A quote was sent to me a few weeks ago and I keep going back to it, "When you feel like giving up, remember then why you held on so long". I feel like giving up so many times because so many times I feel beat down and defeated each day, with each bad news we receive. But Nathan is sooooooooo worth hanging on and fighting for! God is going to see us all three through this and HE will be the one to get the glory! It will be nothing I nor Casey did, and definitely nothing anyone in Guatemala did!

So, WE will continue to wait. WE will continue to be beat down if WE have to. God knows US and knows our limits. WE trust Him and only Him to see us through.
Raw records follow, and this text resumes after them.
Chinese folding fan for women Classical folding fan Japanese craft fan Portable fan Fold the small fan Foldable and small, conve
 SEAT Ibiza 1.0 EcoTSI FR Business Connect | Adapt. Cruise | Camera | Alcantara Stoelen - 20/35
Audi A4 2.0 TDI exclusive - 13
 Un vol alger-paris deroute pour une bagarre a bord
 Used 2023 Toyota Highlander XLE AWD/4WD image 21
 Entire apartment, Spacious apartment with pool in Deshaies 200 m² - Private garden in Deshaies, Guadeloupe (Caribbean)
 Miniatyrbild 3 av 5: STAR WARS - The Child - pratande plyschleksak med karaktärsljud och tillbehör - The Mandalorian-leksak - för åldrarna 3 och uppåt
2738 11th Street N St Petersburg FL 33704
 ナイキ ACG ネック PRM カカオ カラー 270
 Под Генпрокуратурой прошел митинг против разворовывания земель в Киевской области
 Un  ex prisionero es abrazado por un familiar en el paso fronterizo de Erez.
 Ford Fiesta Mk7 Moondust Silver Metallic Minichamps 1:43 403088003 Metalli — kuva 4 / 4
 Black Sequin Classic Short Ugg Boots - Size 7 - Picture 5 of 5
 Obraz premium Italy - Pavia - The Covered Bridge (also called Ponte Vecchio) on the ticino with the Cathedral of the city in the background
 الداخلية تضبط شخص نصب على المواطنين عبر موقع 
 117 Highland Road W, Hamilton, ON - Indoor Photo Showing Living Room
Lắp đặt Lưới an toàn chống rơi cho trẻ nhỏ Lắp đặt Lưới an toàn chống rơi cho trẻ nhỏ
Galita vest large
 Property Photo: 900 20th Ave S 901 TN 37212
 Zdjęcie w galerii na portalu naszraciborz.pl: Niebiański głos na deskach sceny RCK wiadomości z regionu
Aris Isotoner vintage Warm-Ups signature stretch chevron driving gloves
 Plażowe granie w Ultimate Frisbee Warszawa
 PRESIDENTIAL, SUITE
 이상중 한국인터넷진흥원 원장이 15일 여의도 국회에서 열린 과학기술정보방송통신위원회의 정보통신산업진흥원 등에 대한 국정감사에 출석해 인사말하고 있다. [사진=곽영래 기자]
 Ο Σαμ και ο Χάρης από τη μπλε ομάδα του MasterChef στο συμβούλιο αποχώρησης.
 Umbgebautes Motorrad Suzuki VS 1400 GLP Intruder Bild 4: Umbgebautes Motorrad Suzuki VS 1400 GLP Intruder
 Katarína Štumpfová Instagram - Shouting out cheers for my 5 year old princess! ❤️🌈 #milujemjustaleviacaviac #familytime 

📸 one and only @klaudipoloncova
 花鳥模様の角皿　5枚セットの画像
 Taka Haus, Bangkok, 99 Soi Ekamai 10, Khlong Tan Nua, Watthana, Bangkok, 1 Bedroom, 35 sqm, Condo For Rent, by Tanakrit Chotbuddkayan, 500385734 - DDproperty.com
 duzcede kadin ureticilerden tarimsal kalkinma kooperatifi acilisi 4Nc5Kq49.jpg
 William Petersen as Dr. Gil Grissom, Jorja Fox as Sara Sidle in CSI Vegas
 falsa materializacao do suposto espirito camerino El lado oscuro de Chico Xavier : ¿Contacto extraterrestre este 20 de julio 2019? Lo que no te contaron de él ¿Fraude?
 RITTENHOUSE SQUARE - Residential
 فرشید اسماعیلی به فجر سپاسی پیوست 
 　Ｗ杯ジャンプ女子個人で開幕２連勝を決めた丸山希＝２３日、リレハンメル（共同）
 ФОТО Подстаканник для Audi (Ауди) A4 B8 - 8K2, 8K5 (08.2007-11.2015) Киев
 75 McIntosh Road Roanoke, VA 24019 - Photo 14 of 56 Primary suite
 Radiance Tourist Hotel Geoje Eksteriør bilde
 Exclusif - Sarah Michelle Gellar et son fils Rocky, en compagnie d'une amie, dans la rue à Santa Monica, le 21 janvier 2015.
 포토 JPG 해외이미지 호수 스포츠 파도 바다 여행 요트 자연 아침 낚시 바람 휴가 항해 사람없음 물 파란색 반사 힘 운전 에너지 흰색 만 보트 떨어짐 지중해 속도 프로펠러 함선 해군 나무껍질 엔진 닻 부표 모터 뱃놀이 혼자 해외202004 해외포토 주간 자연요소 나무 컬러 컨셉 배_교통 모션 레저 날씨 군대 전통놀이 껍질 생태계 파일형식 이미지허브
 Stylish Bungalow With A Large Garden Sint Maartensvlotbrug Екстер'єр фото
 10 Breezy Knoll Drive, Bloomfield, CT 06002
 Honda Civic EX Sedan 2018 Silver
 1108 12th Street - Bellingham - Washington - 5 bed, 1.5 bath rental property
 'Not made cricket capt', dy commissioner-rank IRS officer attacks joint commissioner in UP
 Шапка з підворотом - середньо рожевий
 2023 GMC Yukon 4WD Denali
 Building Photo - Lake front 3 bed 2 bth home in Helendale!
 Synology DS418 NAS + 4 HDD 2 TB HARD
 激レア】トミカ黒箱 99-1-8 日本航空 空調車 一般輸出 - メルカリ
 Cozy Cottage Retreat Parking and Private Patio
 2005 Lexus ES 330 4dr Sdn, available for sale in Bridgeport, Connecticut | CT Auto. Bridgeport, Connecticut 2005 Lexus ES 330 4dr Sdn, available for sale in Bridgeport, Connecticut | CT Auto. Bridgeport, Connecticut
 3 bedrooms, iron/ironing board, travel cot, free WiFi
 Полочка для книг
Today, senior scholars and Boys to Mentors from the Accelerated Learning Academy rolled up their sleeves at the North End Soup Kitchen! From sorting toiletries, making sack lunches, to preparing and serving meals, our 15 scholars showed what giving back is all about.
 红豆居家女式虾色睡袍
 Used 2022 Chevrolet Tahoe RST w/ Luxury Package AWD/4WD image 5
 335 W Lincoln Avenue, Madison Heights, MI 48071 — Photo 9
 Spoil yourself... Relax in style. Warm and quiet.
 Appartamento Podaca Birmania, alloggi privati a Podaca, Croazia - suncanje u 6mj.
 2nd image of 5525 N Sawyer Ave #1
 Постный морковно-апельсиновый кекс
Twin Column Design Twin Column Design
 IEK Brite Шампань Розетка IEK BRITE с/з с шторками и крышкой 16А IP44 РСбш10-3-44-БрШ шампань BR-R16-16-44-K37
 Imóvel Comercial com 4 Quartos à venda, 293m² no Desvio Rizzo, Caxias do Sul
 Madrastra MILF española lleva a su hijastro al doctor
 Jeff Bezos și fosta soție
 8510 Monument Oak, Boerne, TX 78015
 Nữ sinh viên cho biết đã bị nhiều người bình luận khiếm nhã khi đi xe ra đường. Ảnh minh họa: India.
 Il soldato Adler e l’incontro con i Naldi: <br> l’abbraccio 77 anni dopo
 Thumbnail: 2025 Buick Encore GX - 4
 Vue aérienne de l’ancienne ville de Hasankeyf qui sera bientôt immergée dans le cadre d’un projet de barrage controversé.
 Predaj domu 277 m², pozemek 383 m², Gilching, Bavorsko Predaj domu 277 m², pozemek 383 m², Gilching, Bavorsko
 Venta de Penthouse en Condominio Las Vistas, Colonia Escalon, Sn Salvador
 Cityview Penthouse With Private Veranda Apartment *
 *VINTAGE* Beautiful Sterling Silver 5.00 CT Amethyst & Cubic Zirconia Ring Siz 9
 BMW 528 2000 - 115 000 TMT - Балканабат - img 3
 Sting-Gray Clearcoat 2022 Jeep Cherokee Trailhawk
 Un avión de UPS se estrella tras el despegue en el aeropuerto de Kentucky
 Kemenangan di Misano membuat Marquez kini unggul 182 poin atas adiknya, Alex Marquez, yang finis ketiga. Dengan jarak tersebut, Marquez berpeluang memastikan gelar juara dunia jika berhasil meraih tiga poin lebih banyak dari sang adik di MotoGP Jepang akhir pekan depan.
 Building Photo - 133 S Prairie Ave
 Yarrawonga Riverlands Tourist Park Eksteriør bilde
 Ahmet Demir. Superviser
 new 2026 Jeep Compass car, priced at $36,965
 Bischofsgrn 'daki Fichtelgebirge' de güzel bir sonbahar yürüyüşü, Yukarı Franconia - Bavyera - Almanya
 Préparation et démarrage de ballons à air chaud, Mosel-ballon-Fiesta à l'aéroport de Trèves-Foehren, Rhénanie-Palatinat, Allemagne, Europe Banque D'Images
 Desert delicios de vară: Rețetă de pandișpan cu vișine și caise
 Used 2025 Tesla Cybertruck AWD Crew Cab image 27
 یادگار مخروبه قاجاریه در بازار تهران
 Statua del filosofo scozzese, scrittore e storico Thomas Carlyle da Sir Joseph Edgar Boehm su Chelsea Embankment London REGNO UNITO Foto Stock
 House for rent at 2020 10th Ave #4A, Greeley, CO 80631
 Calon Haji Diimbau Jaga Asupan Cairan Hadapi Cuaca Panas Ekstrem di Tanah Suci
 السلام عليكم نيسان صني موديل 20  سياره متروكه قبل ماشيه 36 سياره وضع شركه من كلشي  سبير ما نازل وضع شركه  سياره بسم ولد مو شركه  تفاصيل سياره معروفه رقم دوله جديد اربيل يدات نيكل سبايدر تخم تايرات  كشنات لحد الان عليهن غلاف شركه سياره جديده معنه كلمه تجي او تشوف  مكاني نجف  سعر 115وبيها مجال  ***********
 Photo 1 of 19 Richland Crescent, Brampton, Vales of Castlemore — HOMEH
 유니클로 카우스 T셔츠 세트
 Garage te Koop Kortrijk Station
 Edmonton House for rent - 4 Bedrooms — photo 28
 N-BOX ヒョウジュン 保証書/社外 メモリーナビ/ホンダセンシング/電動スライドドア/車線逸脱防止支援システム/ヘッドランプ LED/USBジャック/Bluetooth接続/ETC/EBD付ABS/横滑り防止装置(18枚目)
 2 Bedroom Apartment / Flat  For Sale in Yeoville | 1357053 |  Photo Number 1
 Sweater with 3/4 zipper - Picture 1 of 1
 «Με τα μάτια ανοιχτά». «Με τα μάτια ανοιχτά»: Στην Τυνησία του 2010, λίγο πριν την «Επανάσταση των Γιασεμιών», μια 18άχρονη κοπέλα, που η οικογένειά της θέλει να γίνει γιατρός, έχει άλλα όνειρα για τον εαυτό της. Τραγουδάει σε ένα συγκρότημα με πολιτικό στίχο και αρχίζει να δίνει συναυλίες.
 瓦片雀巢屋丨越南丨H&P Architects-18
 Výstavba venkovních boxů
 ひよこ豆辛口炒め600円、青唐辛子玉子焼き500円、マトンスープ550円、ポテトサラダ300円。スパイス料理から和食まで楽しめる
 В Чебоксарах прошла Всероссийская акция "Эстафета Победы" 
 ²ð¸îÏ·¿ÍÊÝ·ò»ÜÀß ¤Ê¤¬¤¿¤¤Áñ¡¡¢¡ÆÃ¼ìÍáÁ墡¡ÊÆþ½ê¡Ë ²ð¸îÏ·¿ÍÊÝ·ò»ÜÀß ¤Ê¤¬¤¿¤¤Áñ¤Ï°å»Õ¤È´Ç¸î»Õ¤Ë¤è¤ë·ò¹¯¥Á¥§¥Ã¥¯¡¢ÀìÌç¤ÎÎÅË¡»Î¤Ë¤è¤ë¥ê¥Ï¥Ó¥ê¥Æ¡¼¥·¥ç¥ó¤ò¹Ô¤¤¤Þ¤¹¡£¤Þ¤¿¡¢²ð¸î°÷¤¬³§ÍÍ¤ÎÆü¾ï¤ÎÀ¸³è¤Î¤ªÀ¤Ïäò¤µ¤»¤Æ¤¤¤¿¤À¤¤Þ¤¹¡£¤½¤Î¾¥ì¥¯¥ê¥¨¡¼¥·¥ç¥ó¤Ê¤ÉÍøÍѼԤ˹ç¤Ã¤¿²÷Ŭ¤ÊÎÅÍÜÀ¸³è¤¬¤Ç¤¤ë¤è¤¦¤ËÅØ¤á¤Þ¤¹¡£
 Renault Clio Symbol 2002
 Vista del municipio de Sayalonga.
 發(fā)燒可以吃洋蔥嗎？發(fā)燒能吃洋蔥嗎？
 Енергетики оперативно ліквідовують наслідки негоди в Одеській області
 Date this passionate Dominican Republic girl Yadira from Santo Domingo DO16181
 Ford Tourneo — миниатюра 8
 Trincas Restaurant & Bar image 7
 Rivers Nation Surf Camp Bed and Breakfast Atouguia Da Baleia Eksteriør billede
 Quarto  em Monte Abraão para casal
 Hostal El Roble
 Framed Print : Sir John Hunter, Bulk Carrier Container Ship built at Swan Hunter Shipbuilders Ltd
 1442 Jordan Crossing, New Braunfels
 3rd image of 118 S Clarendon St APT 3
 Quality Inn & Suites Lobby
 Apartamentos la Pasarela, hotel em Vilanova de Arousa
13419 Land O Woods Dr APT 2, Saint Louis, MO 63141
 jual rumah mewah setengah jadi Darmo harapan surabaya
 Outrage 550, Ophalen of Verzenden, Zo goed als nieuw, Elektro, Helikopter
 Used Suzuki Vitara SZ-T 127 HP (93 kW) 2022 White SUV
Thank you again for continuing to follow us on this LONG journey. I enjoy so much reading your comments (especially from people whom I have not heard or seen in ages;) and 'strangers' who have stumbled upon this blog). Your words are so encouraging to us at this point in the journey!

Praying without ceasing,
~Stephanie

Thursday, August 07, 2008

i won't give up!


I will not give up. I will keep fighting. You are our son, Our gift from God. He is our source of strength and peace. We love you baby boy. God is going to bring you home to us...

Tuesday, August 05, 2008

still amazed...


God still amazes me... I can't tell you how many times 'strangers' come up to me and tell me they are praying for me and my family- THANK YOU! It makes my day and fills my heart with joy to meet you each time and see your faces. God is so good.

As we continue our wait... God is working on us. For what, I am not sure, but I know he is working. I feel it! I am open and ready. I am at peace with where we are. Don't get me wrong, I still want my boy home NOW, but I trust God and know that he has brought us to this point and he is going to see us through. I am so thankful for what I have seen. I will never be the same. There are so many things I want to share and so many thought, but I am not sure how to put them into words...

Please continue to pray. We continue to be in communication with our social worker, but not a whole lot has changed. Basically the courts do not know what to do with our case, but God does. Pray that their eyes and hearts will be opened and soon. Our boy needs to come home. My mind starts to worry about the drastic changes he will have to make the longer he stays in the orphanage. But God will take care of him. Thank you so much for faithfully following our journey and praying for us. What a joyous celebration it will be when our son finally comes home...forever.



"Taste and see that the Lord is good. Oh, the joys of those who trust in him!"
Psalm 34:8

"But God knows the way that I take;
when he has tested me, I will come forth as gold."